LA LAVANDERIA di CASA JENNINGS – “Mamma, ma cosa fai, il bucato alle tre di notte?” “Paige, se non la smetti di rompere il cazzo ti faccio lavare i pavimenti con la lingua. Anzi, guarda, inizia a prendere il Mastro Lindo”. Ogni serie ha bisogno dei propri LUOGHI riconoscibili. L’ascensore per alcuni, lo stanzino delle scope per altri. The Americans ha questa lavanderia al piano di sotto in cui succedono cose  tipo Elizabeth che finge di piegare sempre gli  stessi panni e intanto Philip gioca all’alfabeto morse con un sottomarino sovietico invisibile ai radar americani.

 

 

Nina

 

 

NINA SERGEEVNA – A furia di tripli giochi si finisce così. Pestata come una zampogna dagli amici tuoi, tradita da chiunque e pronta a rientrare alla Casa Madre per processi sommari in cui se ti va bene vieni buttata nel MAR MORTO con un pilone di cemento attaccato ai piedi. E non importa se prima hai dovuto stendere umilianti rapporti al KGB in cui ammettevi che sì, l’ho stimolato oralmente e gli ho permesso di penetrarmi in ogni dove, non importa se hai dovuto stringere le natiche durante la macchina della verità (!), non importa se l’unica cosa che volevi, forse, era non avere pensieri e andare a ballare. Hai scelto questa vita, ci devi stare. La scena dell’Addio di Nina Sergeevna vince il premio struggenza, la voce dell’attrice che interpreta Nina il premio SEXI MOSCOW 2013/2014.

 
2 Martha

 

 

MARTHA LA CESSA MA NON FESSA- “Ti amo, e farei qualunque cosa per te”. Mettiamo il caso che tu sia una spia e che nel tempo libero tu faccia raccolta di MOGLI FINTE: Martha, l’adorabile Martha è il meglio che possa capitarti. Una che non fa mai storie, che non si lamenta se scompari nel nulla per MESI, una che al mattino si presenta con quei bigodini, che pensa solo a mangiare uova fritte e bacon. Soprattutto, una che ne VUOLE SEMPRE E COMUNQUE. Che se inizia a farti un gioco di mano ma a te non ti tira che cinque minuti fa hai commesso omicidi plurimi a profusione, lei ti guarda con quegli occhietti a pompinello e ti chiede: “Cosa c’è darling? Vuoi che ci vada di bocca?”. Una che non si accorge mai di nulla, che pare cogliona ma poi ti spiazza così: “Caro, non devi nascondermi niente. Amo perfino il tuo parrucchino”. E tu che credevi di usare una COLLA PILIFERA invisibile. No Martha, No The Americans.

 

 

3 Replies to “Nel nome del Bene Superiore”

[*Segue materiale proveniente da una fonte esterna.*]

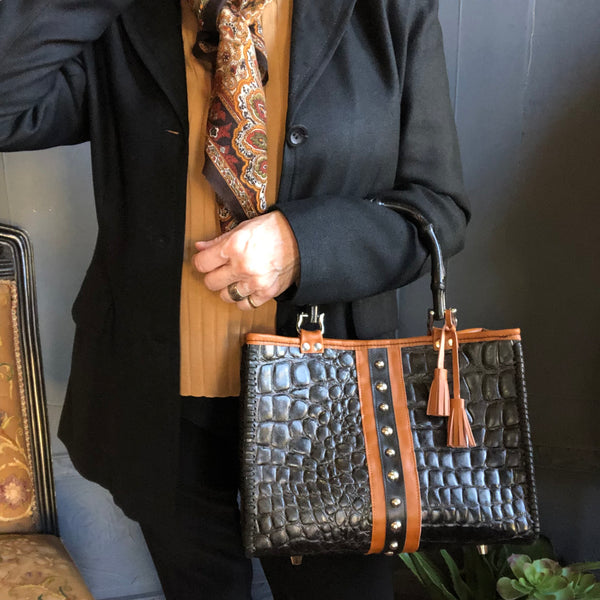 Styled view with black blazer outfit carrying the black croc print leather tote with chestnut brown leather trim & bamboo handles.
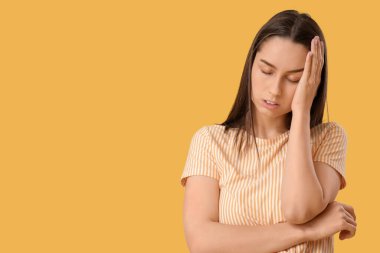 Sarı arka planda baş ağrısı çeken yorgun genç bir kadın.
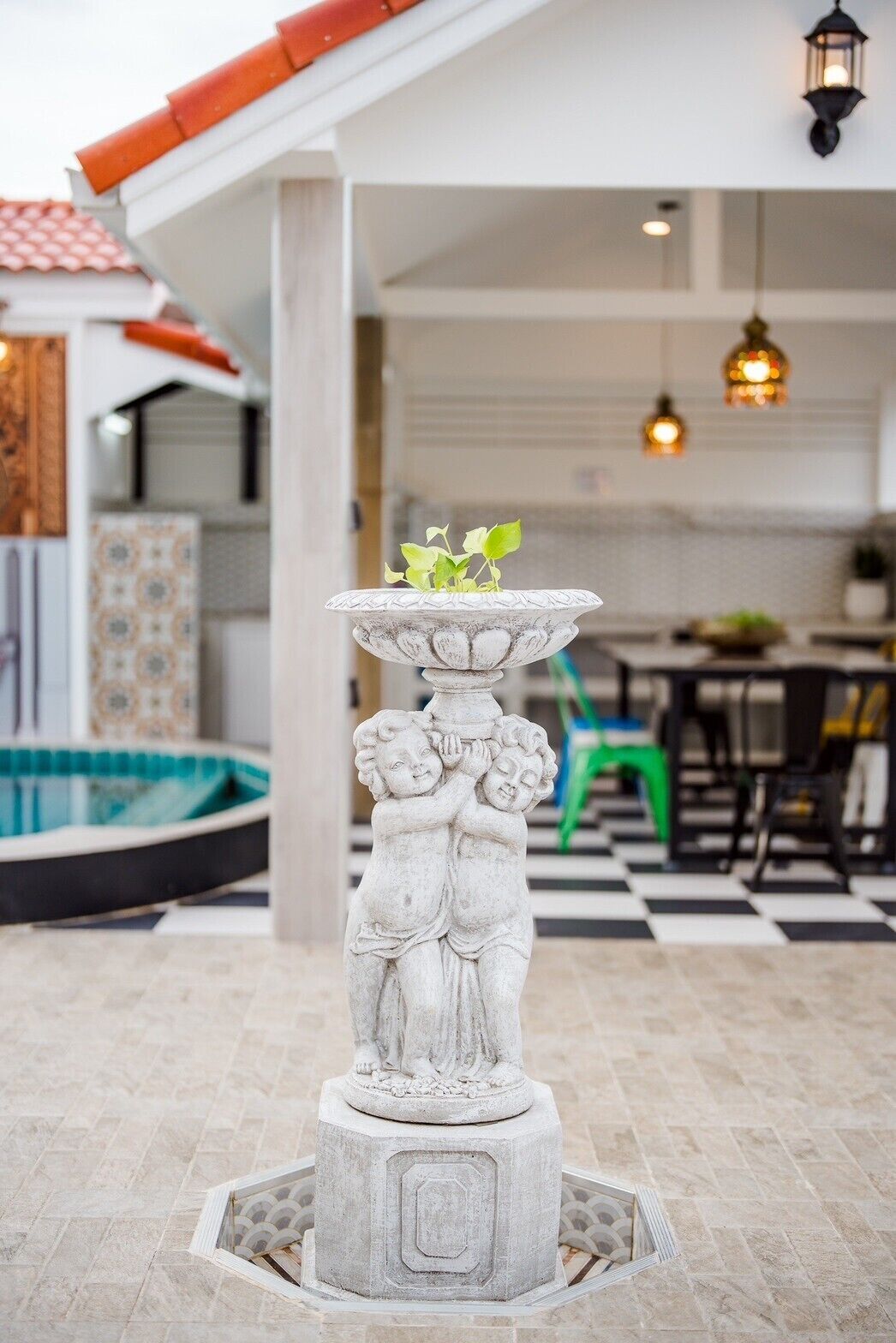 Une fontaine en pierre surmontée d’une plante, entourée d’une terrasse carrelée.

  1. ho bingiato e apprezzato serie e post. non sono d’accordissimo sulla mini-serie. per me andava benone così. sarà il mio debole per elizabeth o le parrucche.

  2. *Cidindon: durante il binge a un certo punto m’è parso, come dire, che avessero finito le parrucche di Elizabeth

  3. Io quei due là li becco sempre a inciuciare al bancone del bar. Da mesi.